Assembled one of the front wheels. Just hand tightened the bolts/nuts. Gonna torque them (22 ft-lbs) and seal them on Monday. Starting to get really excited.


----------



## BT12 (May 25, 2012)

Looking good, cant wait to see the 4.25". How wide is the rear going to be?


----------



## brandonioyo (Jul 5, 2013)

BT12 said:


> Looking good, cant wait to see the 4.25". How wide is the rear going to be?

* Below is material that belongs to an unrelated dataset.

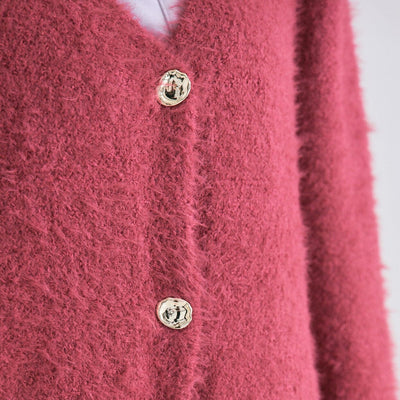 Feather Yarn Cardigan Dark Pink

Hopefully the 4.25" lips come in sometime this week. Rears are going to be 18x11.


----------



## brandonioyo (Jul 5, 2013)

Ordered a pair of tires for the fronts (9"). Achilles ATR Sports. 215/35/18. Not the best tires but they're decent and cheap. $160 shipped for the pair from tires-easy.com.


----------



## brandonioyo (Jul 5, 2013)

*18&quot; OZ Pegasus Build*

ASSEMBLY
----------------------------------------------
I decided to sandwich mount these wheels because 1: That's how they come from the factory. 2: I like the look better.
Ok so first I wiped down all the mounting surfaces with isopropyl.
Line up the face bolt holes with the barrel bolt holes and "snap" the face in place.
Then line up the lip bolt holes with the face bolt holes and "snap" the lip in place. This step was difficult for me because it was a TIGHT fit but there's nothing a rubber mallet and persistence can't do.
Next, put all the bolts in the holes and hand thread the nuts on them.
MAKE SURE TO TORQUE THE NUT SIDE NOT THE BOLT SIDE 22 FT-LBS or 264 IN-LBS FOR NEW HARDWARE.
Before I torqued the nuts I numbered them in the sequence that I was going to torque them (star pattern) to make it easier on me.

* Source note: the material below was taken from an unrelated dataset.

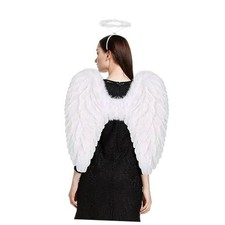 Angel Wings and Halo for Adult Feather Angel Wings Costume for Women White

I convinced the girlfriend to hold the wheel as I torqued the nuts in sequence going around 3 times because I was just that paranoid.










__________________________________________


----------



## brandonioyo (Jul 5, 2013)

The lips are here!!! Pics when I get home from work. Shipping only took 42 days


----------



## brandonioyo (Jul 5, 2013)

4.25" stainless steel lips!


----------



## BT12 (May 25, 2012)

Now those are some lips:thumbup:


----------



## brandonioyo (Jul 5, 2013)

Got one of the rears assembled. Looking good!


----------



## BT12 (May 25, 2012)

I wish i could rock 4.25" lips. Baller:thumbup:


----------



## brandonioyo (Jul 5, 2013)

BT12 said:


> I wish i could rock 4.25" lips. Baller:thumbup:


Thanks bro!  If I can make it happen, you can make it happen! ️


----------